As a singer-songwriter, ?te operates with simple directness. Her lyrics lack nuance, instead, quietly straightforward as she sacrifices detailed description for obvious generalizability. The opening triptych of her second album, Way Out finds her growing numb to reality. First it’s a cheat lover whom she’s grown tired of pretending to care for, then it’s an ex who recognizes her worth too late, before finally curving into a commentary on sexist traditions. She approaches each subject head-on if a little artlessly, refusing to mince words. “You fucking cheated on me,” she candidly remarks on the opening line of “F.O.,” unwilling to relent as she stews in her own seething fury.
There’s a sarcastic bite to “Ho(l)e” as she parrots back commands like, “you’ll look more like a lady with some makeup,” but her voice lacks the playful wink of proper satire. In isolation, it reads as bowing down in submission as she wearily concludes to herself, “you should learn how to fit in this world.” But Howe Chen’s production instills defiance in ?te’s spirit, the delicate guitar work and jazzy flourishes woven through militant drums until the drained energy of her voice sounds less like surrender and more like someone steeling their resolve. It’s another tireless protest that understands the sloth-like speed of change, sighing as it expect little to gain yet resolutely determined to continue.
Similarly, the quiet curse of “F.O.” is made powerful by Chen’s production, empowered by the growing bubble of a bassline. Here’s the rage that ?te’s voice alone can’t quite convey: the grinding of gears are a mind working in overtime as it plots revenge but the gurgling drone is emotion consuming every thought. Chen helps tease out some of the nuances. ?te mentions that the second verse of “F.O.” is meant to signify a second character, a second scorned ex-lover, something the switch to Mandarin alone doesn’t express. Swells of brass help distinguish in the change in point of view, a cutting transition to align with the shifting scene. On “Let Go,” as she stops concerning herself with reality, the gauzy stretch of autotune on her voice approaches bliss, working as a counter to the dullness of her voice. These subtle displays add complexity without overpowering the dusky atmosphere central to ?te’s sound.

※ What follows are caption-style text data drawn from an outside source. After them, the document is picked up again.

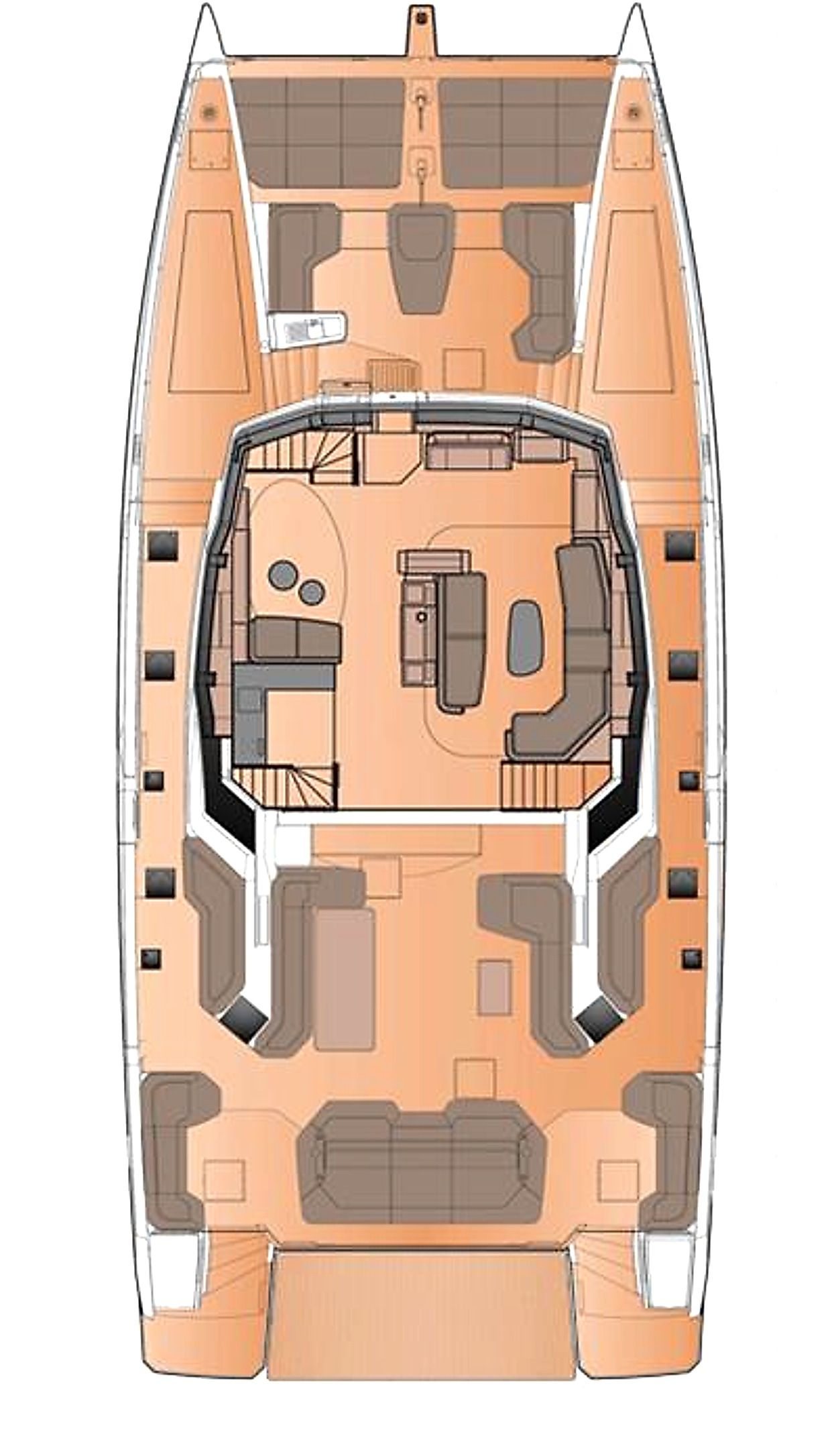2026 Fountaine Pajot Thira 80 na sprzedaż (photo 26)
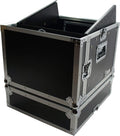 Harmony Audio Case HCM6U DJ Pro Audio 10U Slant Top 8U Vertical Mixer Rack Case New
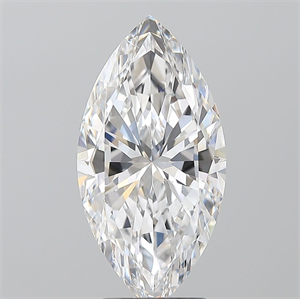 Picture of Natural Diamond 3.01 Carats, Marquise with  Cut, D Color, SI2 Clarity and Certified by GIA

Chen brings out shades of reality. The balance of what it means to be consumed by rage or embroiled in an act of protest, equilibrium is central to his productions as he subtracts from the business without fully letting ?te’s songs to dissolve into sonic blankness. The back half of Way Out lacks some of that refinement, and ?te, over minimal piano and guitar arrangements, returns to sounding like an entirely one-dimensional character. On “Happiness,” it’s unclear what she’s aiming for when she murmurs, “you want me to be happy”—too faint to sound affectionate or pitiful, too little of anything that it sounds like returning a statement of obligation rather than love. On “Morning Babe,” another addition to the canon of ambiguous sapphic love songs, Hung Peiyu’s husky voice sells the character of someone in love with her unknowing best friends, imbuing the coda, “I’d be willing to wait for you,” with overpowering desperation even as ?te turns in a vacant performance. ?te is a blank performer, yet for all the failings of that quality, at times it works as the perfect complement to Way Out, an album defined by vibe over anything else.
Find it on streaming here: Apple Music // Spotify
Singles: “Finally” // “Let Go” // “F.O.” // “Happiness”
DEN - “Illusion”
“Time is my illusion,” DEN murmurs, grabbing you through the fluid instrumental. Through the gentle motions, sweeping shimmers, and muted calls, the only thing that keeps “Illusion” grounded is its soft, pliable drum beat as DEN shifts closer and closer. “We saw the flowers are dancing, we saw the trees are talking,” he softly sings in a low hush before being cast above. “I wanna freeze time.” Being suspended in “Illusion” is like being held by a lover—it’s as close as can be.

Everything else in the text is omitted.